Make the Most Out of Your First 200 Pixels
Your first 200 pixels can have a big effect on both the “vibe” of your site, as well as your total conversion rate. Designing a great header involves first understanding a few key principles, then doing a fair bit of experimentation.
Here’s how to make the most out of your first 200 pixels.
Decide on How Attention-Grabbing Your Header Should Be
Some headers are purposefully designed to fade into the background. These headers lend the site a subtle sense of beauty, credibility and professionalism, then disappear from the reader’s minds.
Other headers are designed to grab attention. They tell the user what the site is about, who you are or any number of other things. In other words, the header plays an active role rather than a passive role in the website.
Before you do anything else, first decide how attention-grabbing you want your header to have. This decision will inform all your other choices.
Generally, for content websites, a strong header is a good idea. For sales letter websites, the header should more or less fade to the background and give the first impression to the headline instead.
Tips on Color in the Header
It’s best if your header has the same color scheme as the rest of your website. In fact, your header often sets the tone for the whole color scheme.
Use just one or two main colors in your header. These colors should complement the rest of your site.
Avoid using harsh colors like red or yellow in your header. Remember that users are going to have to look at your header constantly as they browse your site. Make it easy on their eyes.
Be Very Selective with Text
Never, ever use hard to read typography in your header. Avoid “creative” fonts like Comic Sans that look different, but people are unaccustomed to reading.
Only put one or two lines in your header. Too much text can kill an otherwise brilliant header.

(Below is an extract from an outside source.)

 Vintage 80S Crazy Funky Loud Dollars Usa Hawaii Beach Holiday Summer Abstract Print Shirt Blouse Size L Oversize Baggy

It’s a good idea to put your logo and/or tagline in your header. This helps build your brand on every page.
More often than not, the best headers won’t come out of careful planning. Instead, just boot up Photoshop and experiment.
Come up with a few different possible designs and play with how they’ll look. Set apart a whole day to just brainstorm ideas, apply different filters and play with the look of your header.
At the end of the day, your header may look nothing like you planned it to look. But it’ll look spectacular.
Designing a header is an important step to creating a professional, well-designed website. Take the design principles we talked about into account, then just play and experiment until you create a great header you like.